SOUTHERN MARYLAND LAKES: 40-50 miles (***) — Gilbert Run Park’s Wheatley Lake (Route 6, east of La Plata) gave up some nice-sized bass this week to a fellow retrieving a small crankbait near the dam. Sunfish are plentiful. At St. Mary’s Lake (south on Route 5, past Leonardtown, to Camp Cosoma Road) you’ll find active bass, crappies and sunfish. Have a ball.

LITTLE SENECA LAKE: 30 miles (***) — Black Hill Regional Park (off Route 117 near Boyds, 301/972-9396) and the nearby Seneca Creek Lake (Clopper Road, Gaithersburg, 301/924-2127) are good for a few well-fed bass that like a 4-inch hard jerkbaits, plastic worms or small spinnerbaits. Sunfish and catfish are plentiful.

WSSC RESERVOIRS: 20-30 miles (***) — (Triadelphia, off Route 97, or Route 650, in Montgomery County; Rocky Gorge, off Route 29 in Montgomery County) should be visited before the heat strikes. Fish early and as late as possible and see if a largemouth bass doesn’t hammer your jerkbait, worm or medium depth crankbait. Crappies and sunfish are in brushy areas inside deep coves or around shoreline obstructions in the main bodies of the two lakes.

PATUXENT RIVER: 25-60 miles (***) — The river is home to plenty of small croakers inside the mouth, but larger specimens are found up the river at Broome’s Island Bar, St.
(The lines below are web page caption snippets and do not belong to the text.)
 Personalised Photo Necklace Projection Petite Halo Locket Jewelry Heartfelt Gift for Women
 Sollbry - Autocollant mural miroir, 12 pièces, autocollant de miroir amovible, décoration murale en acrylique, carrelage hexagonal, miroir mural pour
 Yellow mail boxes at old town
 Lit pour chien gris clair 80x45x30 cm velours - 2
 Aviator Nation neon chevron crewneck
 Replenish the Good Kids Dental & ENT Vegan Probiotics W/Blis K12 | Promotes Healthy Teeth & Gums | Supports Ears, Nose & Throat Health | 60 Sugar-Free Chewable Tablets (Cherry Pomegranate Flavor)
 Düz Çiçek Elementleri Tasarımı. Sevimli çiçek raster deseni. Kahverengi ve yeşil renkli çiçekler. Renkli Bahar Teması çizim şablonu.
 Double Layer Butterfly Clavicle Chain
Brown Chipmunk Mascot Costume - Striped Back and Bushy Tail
Leonard’s Lump and at Helen’s Bar. We fished for white perch in the creeks this week, but must admit that strikes came few and far between. It’ll get better in early July. Rockfish are possible around the Cedar Point lighthouse foundation. If you fish the dark hours, a loud Chugbug topwater lure will be attacked by the stripers. Flounder have been found in the mouth around the long ledge that runs from the 3-legged marker to near the Solomons bridge.
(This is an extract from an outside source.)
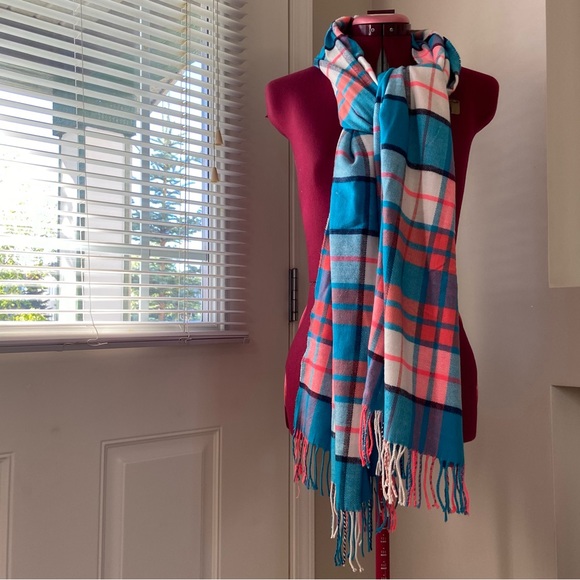 Blue stripe plaid fringed edged soft cashmere feel women scarf. Size Large. Used - Picture 3 of 8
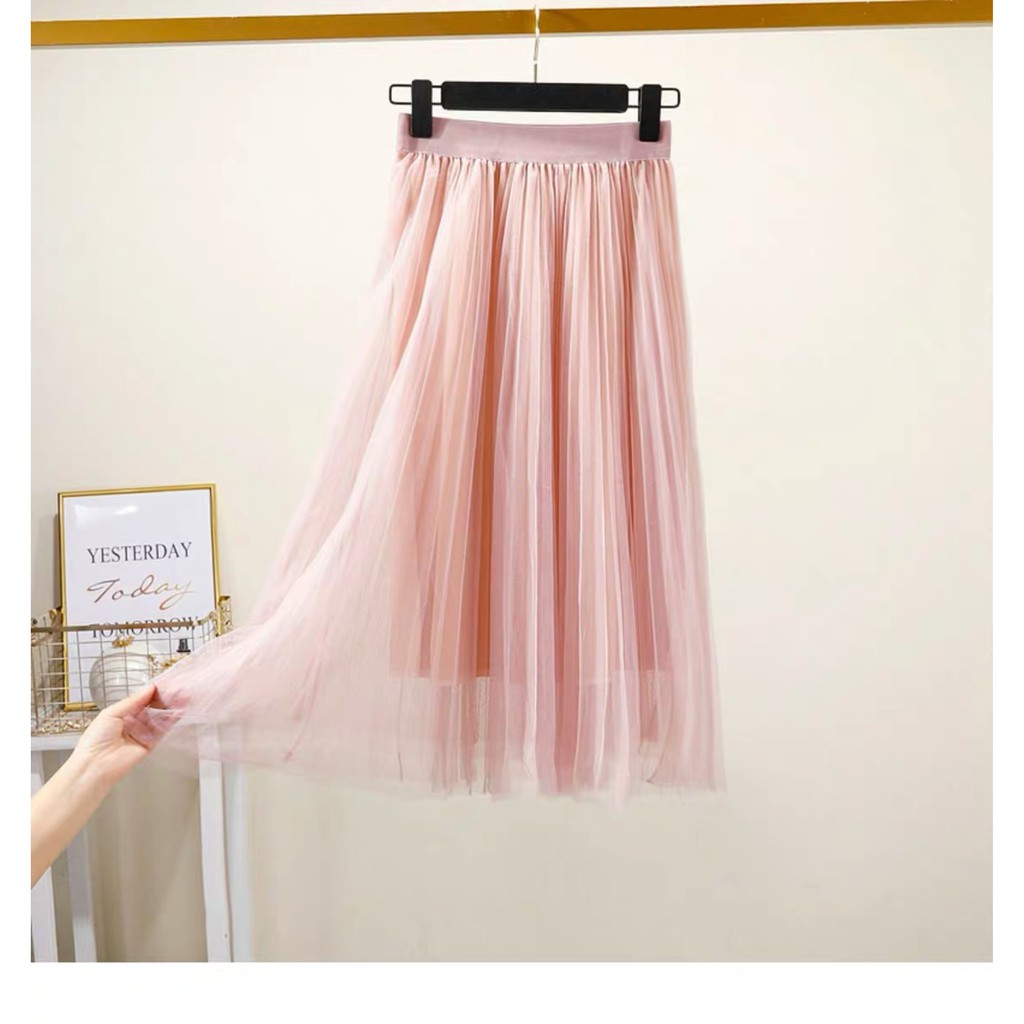 (HÀNG SẴN) Chân váy lưới xếp ly dáng dài bồng bềnh | BigBuy360 - bigbuy360.vn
OCCOQUAN RESERVOIR: 25-30 miles (***) — From Fountainhead Park (Route 123, Fairfax County) ranger Smokey Davis said, “Bass have recovered from their spawning activities and are returning to their normal haunts. Some good fish were taken off the secondary points of major coves over the weekend. Texas-rigged plastics and medium-running shad color crankbaits worked well. The crappie bite has picked up as well. Medium size minnows under a bobber in deep mainlake blowdowns produced some good limits including two citations. Catfish love chicken livers and cut bait and flyrodders are cleaning up on bluegill. Water surface temperatures is 78 and 82 degrees.”